━━━━━ Provided data ━━━━━

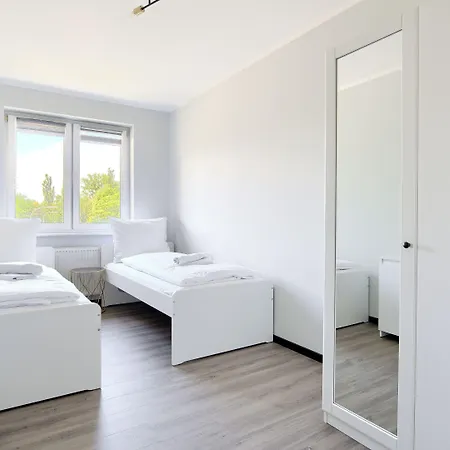 Apartamento Kasprowicza, Sun & Snow *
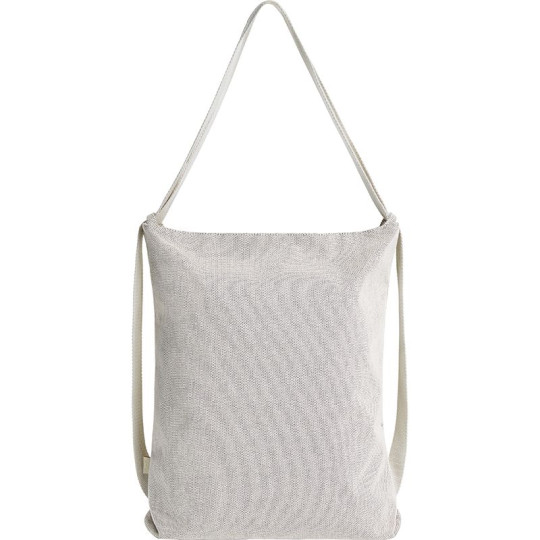 Sac à dos Halfar en polyester coton personnalisable - BCM Goodies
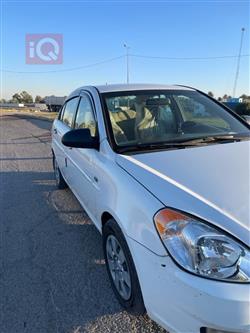 هيونداي أكسنت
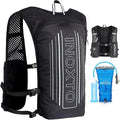 INOXTO Running Hydration Vest Backpack, Lightweight Insulated Pack by INOXTO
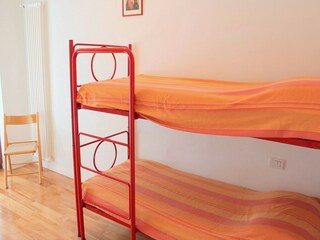 Vakantiehuis Lazise Kenmerken 24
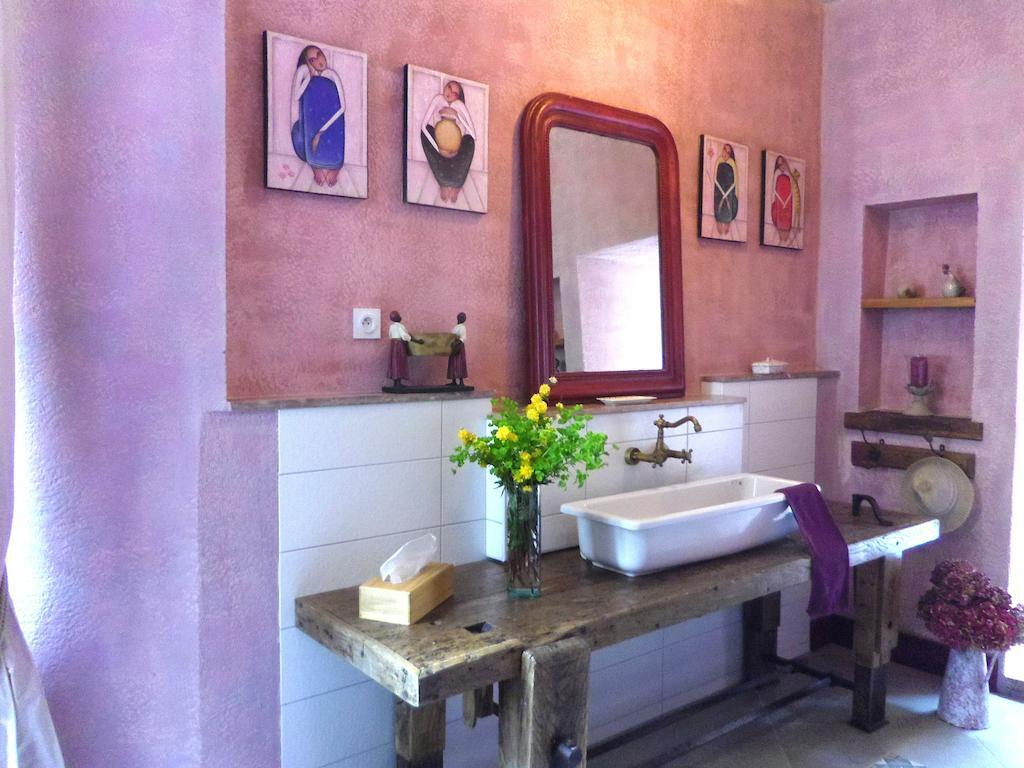Place Des Nobles Bed & Breakfast Cuiseaux ห้อง รูปภาพ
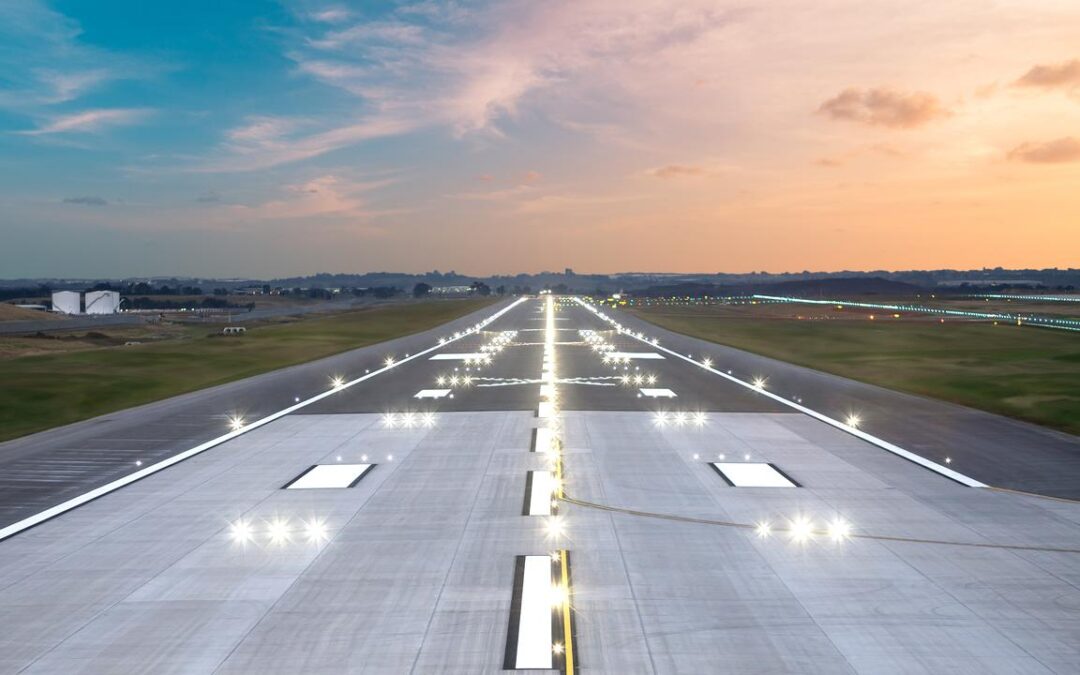 Airport city to take off with major budget boost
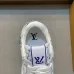 Louis Vuitton Nike Shoes for Men's Louis Vuitton Sneakers #A50350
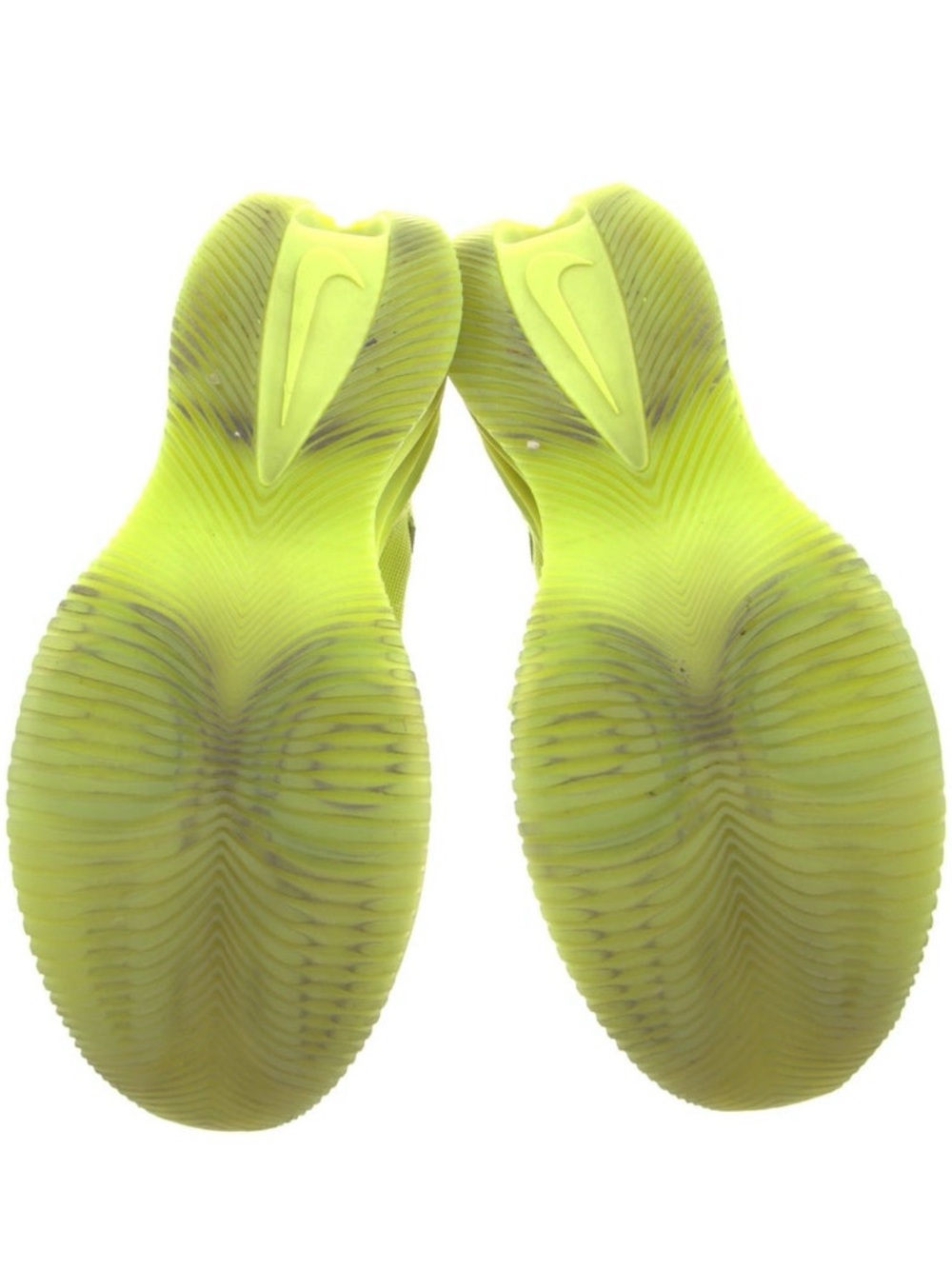 Nike Lab Mesh Performance Running Shoe - Picture 3 of 5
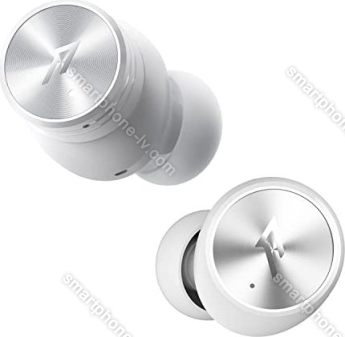 1MORE PistonBuds Pro white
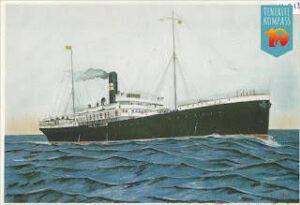 Tenerife blogi | Tenerife Titanic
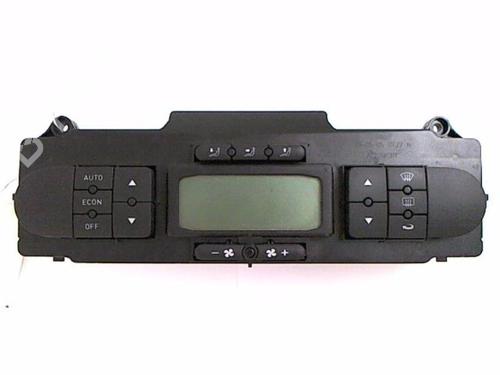 Used Climate control SEAT LEON (1P1) 1.9 TDI (105 hp) 20436683
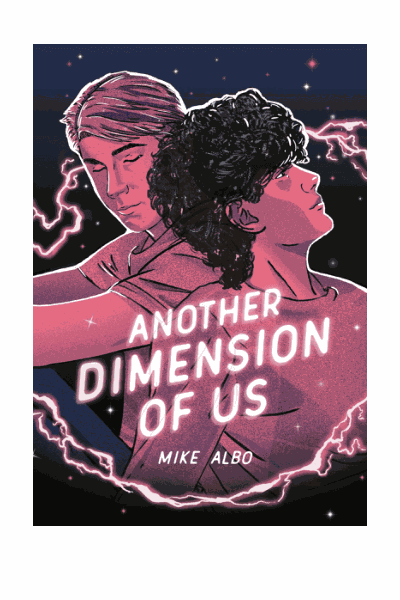 Another Dimension of Us Cover Image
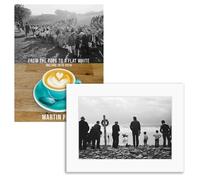 Martin Parr Martin Parr: From the Pope to a Flat White (Limit (Copertina rigida)
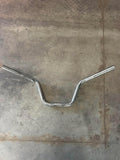 Genuine Harley-Davidson Sportster Chrome Handlebars (2004–2013) Pre-owned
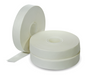 Strapping-banding-roll-white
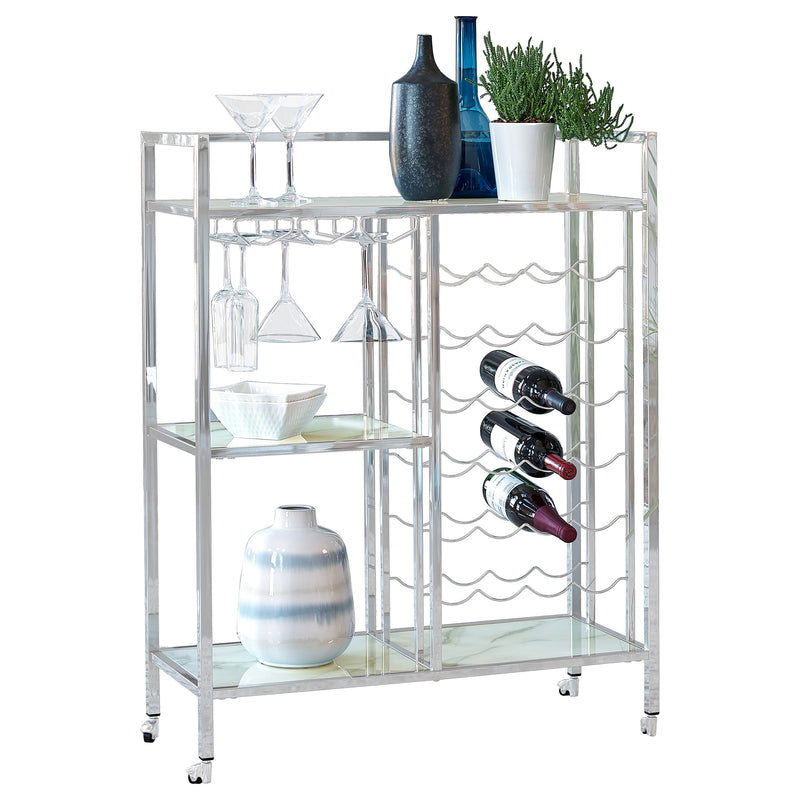 Derion Bar Cart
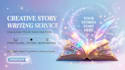 write creative stories and engaging book content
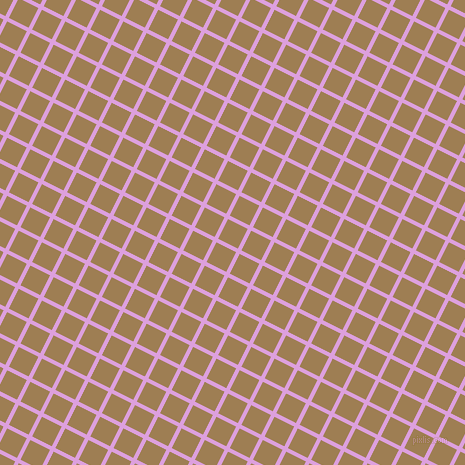 63/153 degree angle diagonal checkered chequered lines, 4 pixel lines width, 22 pixel square size, plaid checkered seamless tileable
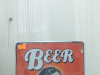 METALNA RETRO TABLICA ( 219 )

━━━━━

Work to be completed:
Wherever an image appears, omit it; copy the rest of the records exactly.

Output of the exercise:
 Apartamento Kasprowicza, Sun & Snow *
 Sac à dos Halfar en polyester coton personnalisable - BCM Goodies
 هيونداي أكسنت
 INOXTO Running Hydration Vest Backpack, Lightweight Insulated Pack by INOXTO
 Vakantiehuis Lazise Kenmerken 24
Place Des Nobles Bed & Breakfast Cuiseaux ห้อง รูปภาพ
 Airport city to take off with major budget boost
 Louis Vuitton Nike Shoes for Men's Louis Vuitton Sneakers #A50350
 Nike Lab Mesh Performance Running Shoe - Picture 3 of 5
 1MORE PistonBuds Pro white
 Tenerife blogi | Tenerife Titanic
 Used Climate control SEAT LEON (1P1) 1.9 TDI (105 hp) 20436683
 Another Dimension of Us Cover Image
 Martin Parr Martin Parr: From the Pope to a Flat White (Limit (Copertina rigida)
 Genuine Harley-Davidson Sportster Chrome Handlebars (2004–2013) Pre-owned
 Strapping-banding-roll-white
 Derion Bar Cart
 write creative stories and engaging book content
 63/153 degree angle diagonal checkered chequered lines, 4 pixel lines width, 22 pixel square size, plaid checkered seamless tileable
 METALNA RETRO TABLICA ( 219 )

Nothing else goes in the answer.